:: Work request ::
In the listing below, find the line containing "Nissan Versa 2021" and the line containing "GOLD TONE, PEARL", then copy exactly everything from the first through the second, except the pictures.

:: Supplied material ::
------------------------------------------------------------
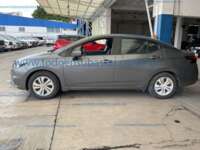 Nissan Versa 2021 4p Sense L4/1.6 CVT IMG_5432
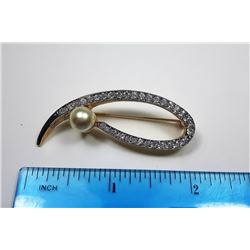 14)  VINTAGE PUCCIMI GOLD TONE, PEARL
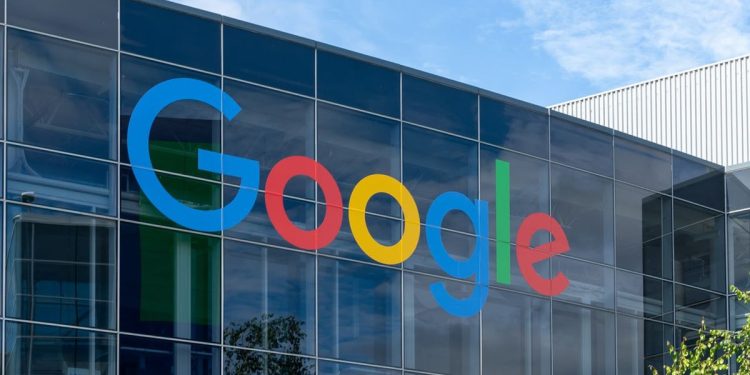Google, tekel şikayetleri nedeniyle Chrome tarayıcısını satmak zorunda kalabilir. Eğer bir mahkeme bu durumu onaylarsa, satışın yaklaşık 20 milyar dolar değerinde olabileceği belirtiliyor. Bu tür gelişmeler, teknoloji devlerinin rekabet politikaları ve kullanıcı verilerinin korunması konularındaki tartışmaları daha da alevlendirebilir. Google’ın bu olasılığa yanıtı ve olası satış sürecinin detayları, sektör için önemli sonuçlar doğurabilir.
------------------------------------------------------------
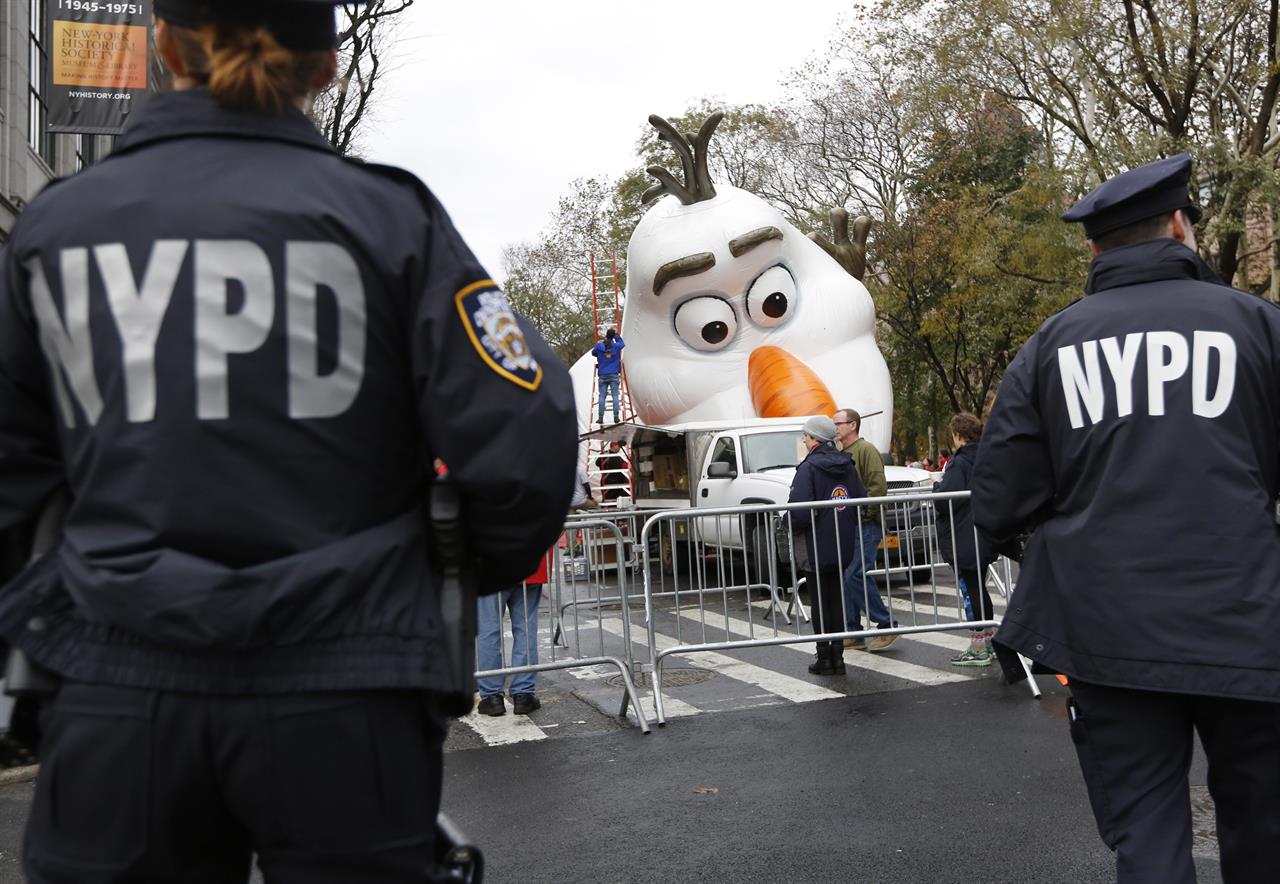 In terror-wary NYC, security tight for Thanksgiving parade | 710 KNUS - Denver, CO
------------------------------------------------------------
:: Completed task ::
 Nissan Versa 2021 4p Sense L4/1.6 CVT IMG_5432
 14)  VINTAGE PUCCIMI GOLD TONE, PEARL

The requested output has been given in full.